The most efficient method is to have the operating system map the file to memory. Search your OS API for "mmap" or "memory mapping".

Another approach is to seek to the end of the file and get the position (tellg()). This is the size of the file. Allocate an array in dynamic memory or create a std::vector reserving at least this amount of space.

Some Operating Systems have API you can call to get the size of a file (without having to seek to the end). You could use this method, then dynamically allocate the memory or use std::vector<char>.

You will need to come up with a plan if the file doesn't fit into memory.

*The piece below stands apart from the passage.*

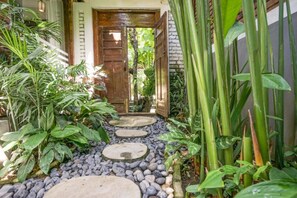 Garden view - KTS Balinese Villas (Canggu)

If you need to read the entire file into memory, you could use istream::read using the file length.

Thomas Matthews
  • 56,849
  • 17
  • 98
  • 154
  • Your 2nd paragraph is how most people would to this, and certainly how I do it. Simply `tell`ing the size of the file does not require any allocation. – underscore_d Feb 02 '16 at 14:20
0

It all depends on file format. One way to store records is to first write how many records are stored in file. If you have two phone numbers your file might look like this:

2
Jon
555-123
Mary
555-456

In this case the solution is straightforward:

// ...
is >> count;
record_type *record = new record_type[count];
for ( int i = 0; i < count; ++i )
  is >> record[i].name >> record[i].number; // stream checks omitted
// ...

If the file does not store the number of records (I wouldn't do this), you will have to count them first, and then use the above solution:

// ...
int count = 0;
std::string dummy;
while ( is >> dummy >> dummy )
  ++count;
is.clear();
is.seekg( 0 );
// ...

A second solution for the second case, would be to write a dynamic container (I assume you are not allowed to use standard containers) and push the records as you read them:

// ...
list_type list;
record_type r;
while ( is >> r.name >> r.number )
  list.push_back( r );
// ...

The solutions are ordered by complexity. I did not compile the examples above.

zdf
  • 4,382
  • 3
  • 18
  • 29